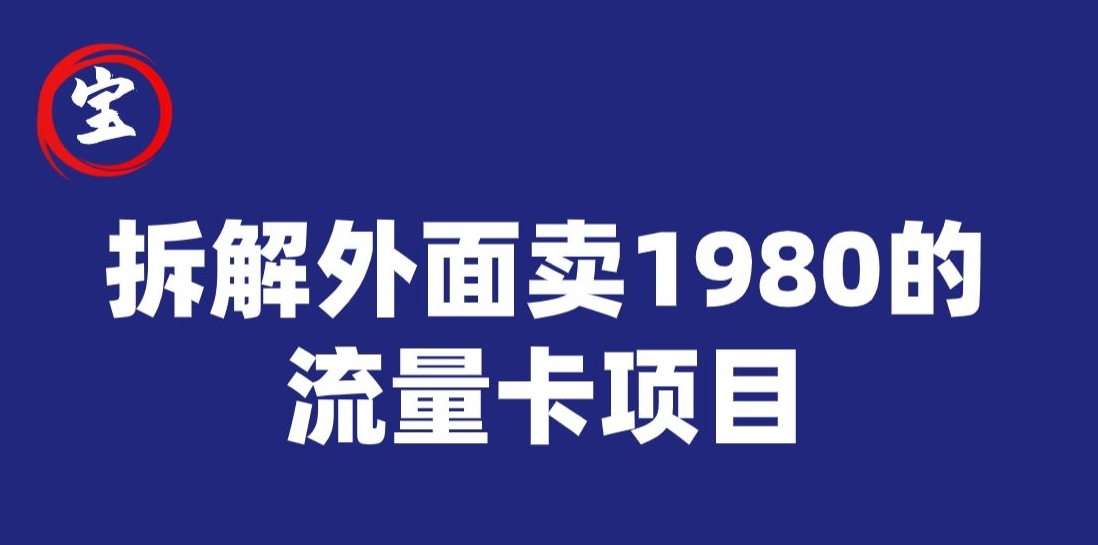 宝哥拆解外面卖1980手机流量卡项目，0成本无脑推广-创奇社 - AI前沿·副业变现·资源教程！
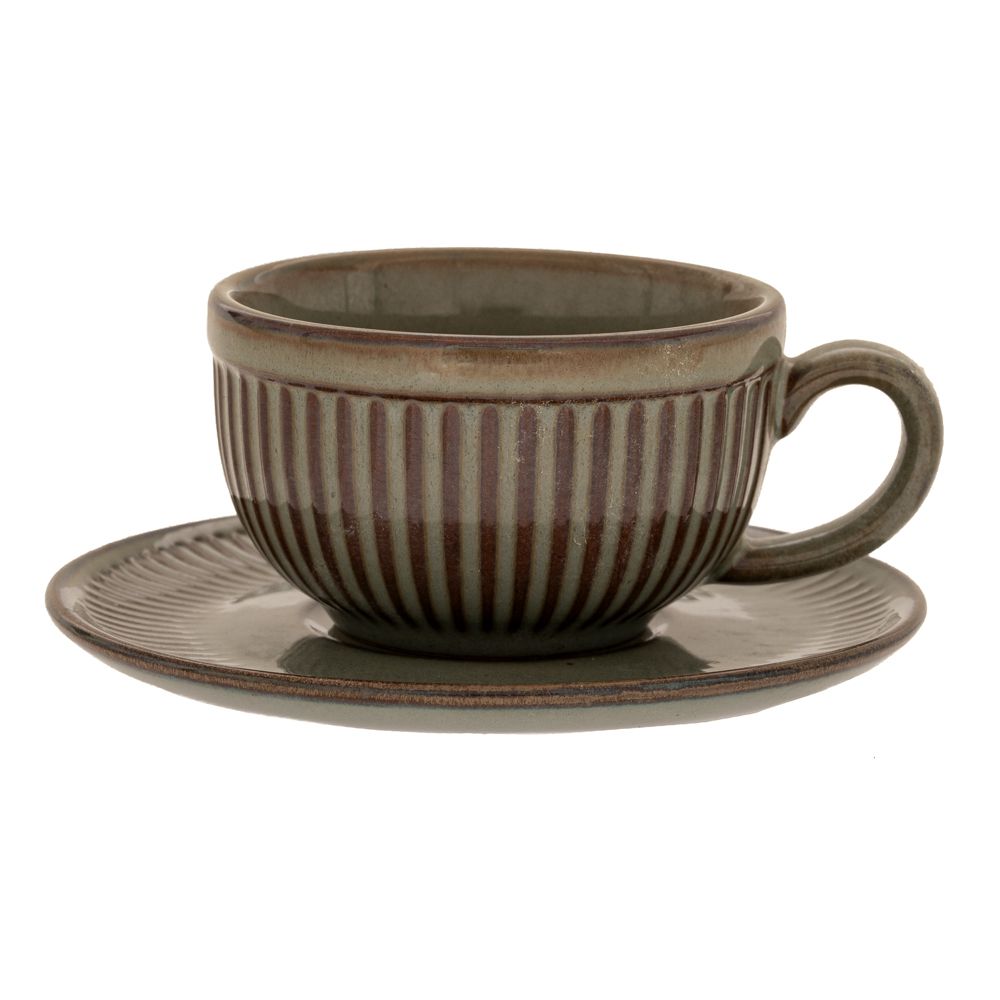 88882 ΣΕΤ 6 ΠΡΑΣΙΝΟ ΚΕΡΑΜΙΚΟ ΦΛΥΤΖΑΝΑΚΙ TOY ΚΑΦΕ ΜΕ ΠΙΑΤΑΚΙ 80ml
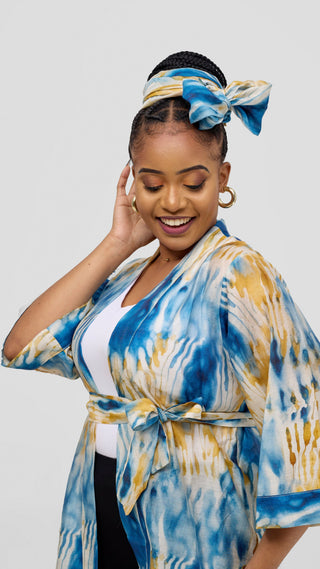 Safari 3/4 Sleeve Maxi Kimono With Headwrap - Mustard / Cream Print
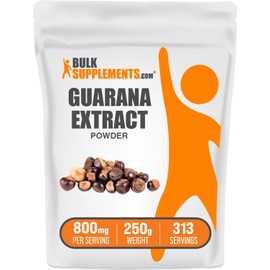 BulkSupplements.com Guarana Extract Powder - Natural Caffeine Supplement, from Guarana Seed, Guarana Powder - Gluten Free, 800mg per Serving, 250g (8.8 oz) (Pack of 1)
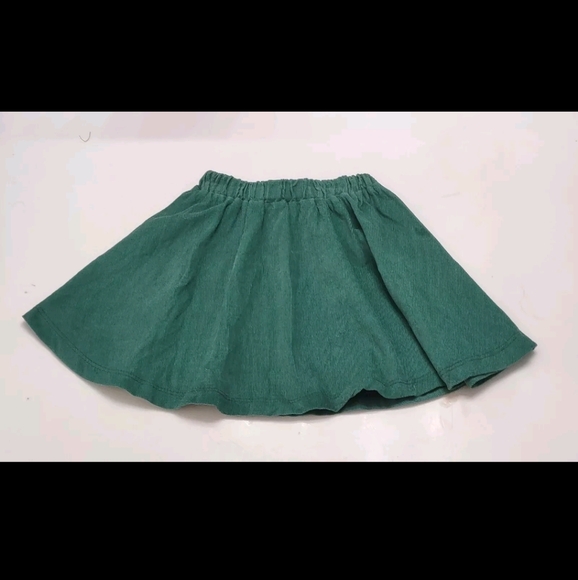 Velvet Fawn Baby Girl Skirt Sz 12- 18M Emerald Green Soft Corduroy Elastic Waist - Picture 2 of 7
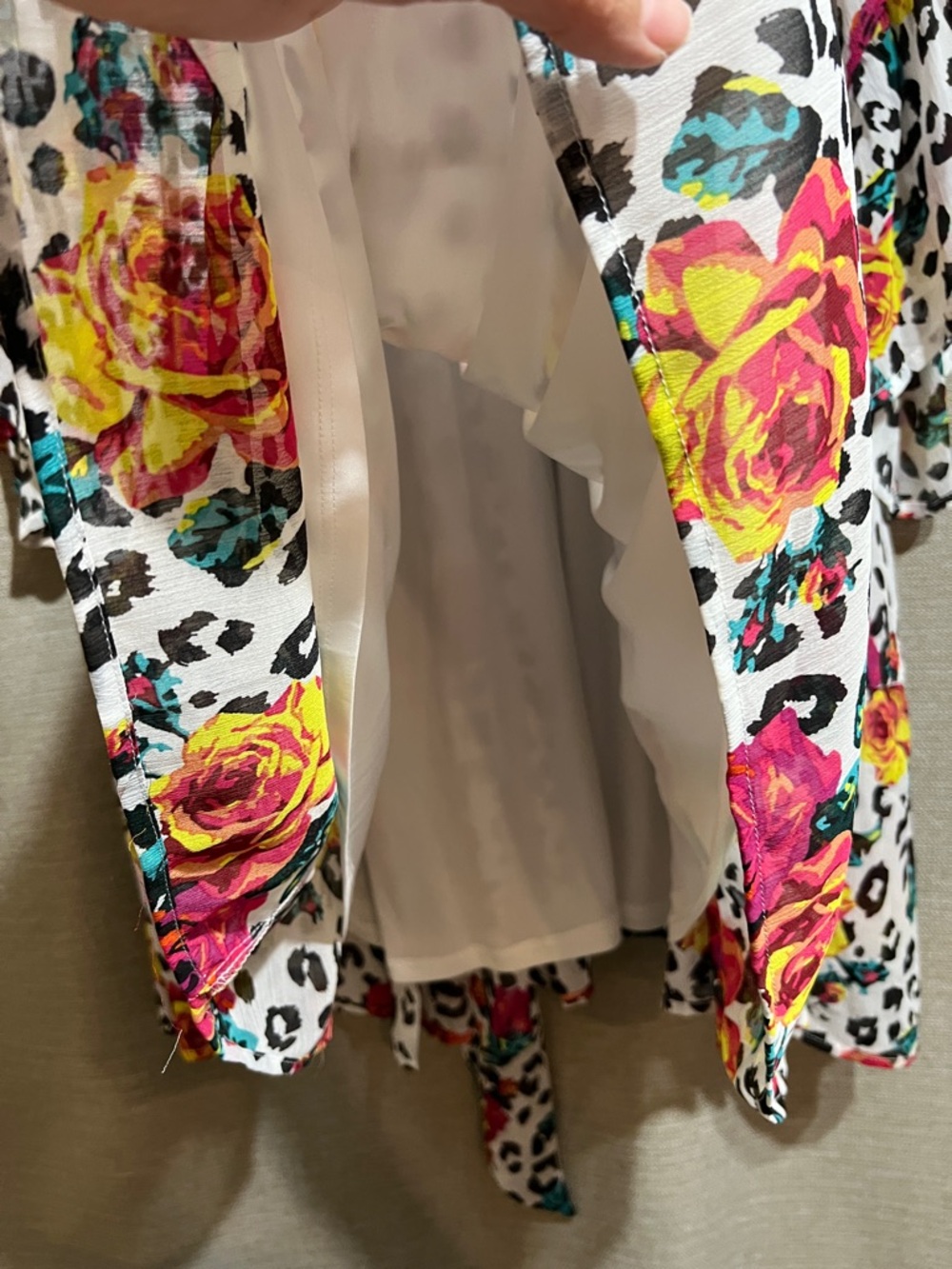 Torrid x Betsey Johnson Leopard Rose Chiffon Ruffle Bell Sleeve Mini Dress 2X - Picture 6 of 10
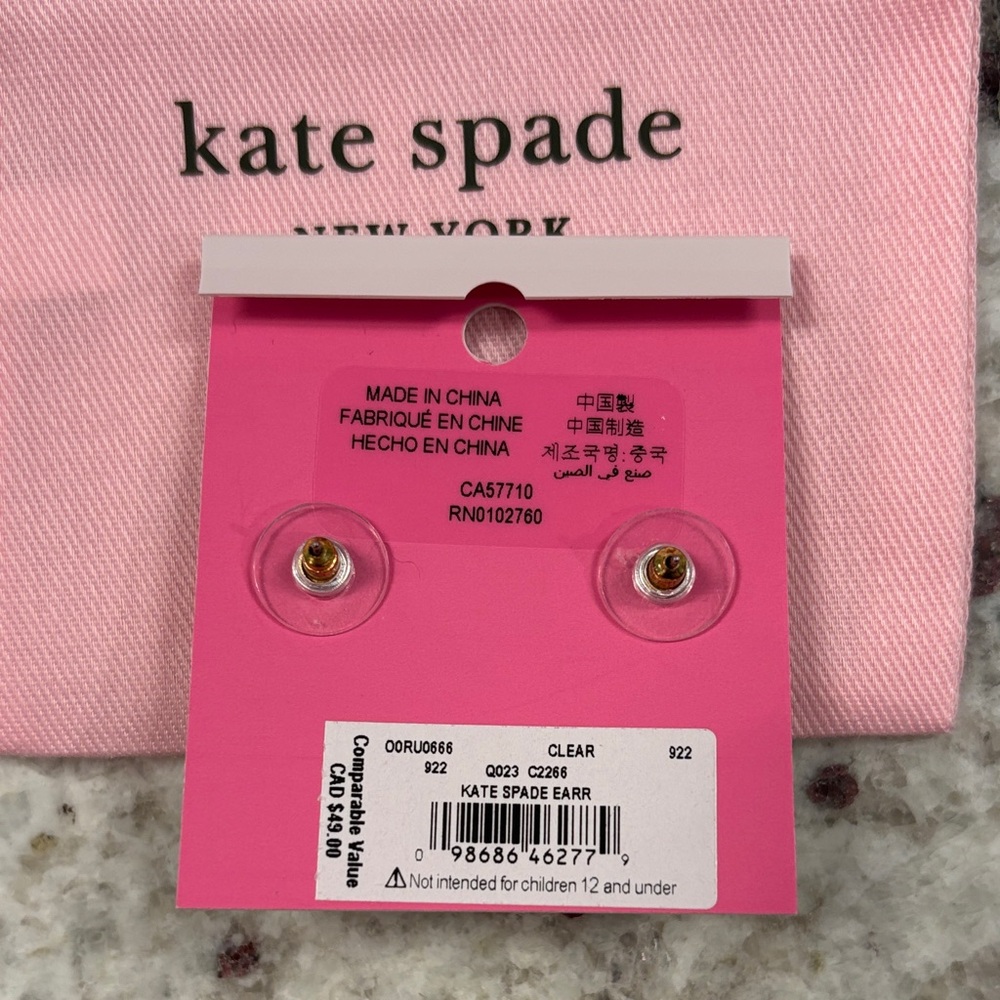 Kate Spade Crystal Gumdrop Stud Earrings - Picture 4 of 4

» **Work request**:
Transcribe the span of lines that runs from the line with "BulkSupplements.com Guarana Extract" to the end of the data, both ends included, exactly, with nothing else and no pictures.

» **Solution to this problem**:
 BulkSupplements.com Guarana Extract Powder - Natural Caffeine Supplement, from Guarana Seed, Guarana Powder - Gluten Free, 800mg per Serving, 250g (8.8 oz) (Pack of 1)
 Velvet Fawn Baby Girl Skirt Sz 12- 18M Emerald Green Soft Corduroy Elastic Waist - Picture 2 of 7
 Torrid x Betsey Johnson Leopard Rose Chiffon Ruffle Bell Sleeve Mini Dress 2X - Picture 6 of 10
 Kate Spade Crystal Gumdrop Stud Earrings - Picture 4 of 4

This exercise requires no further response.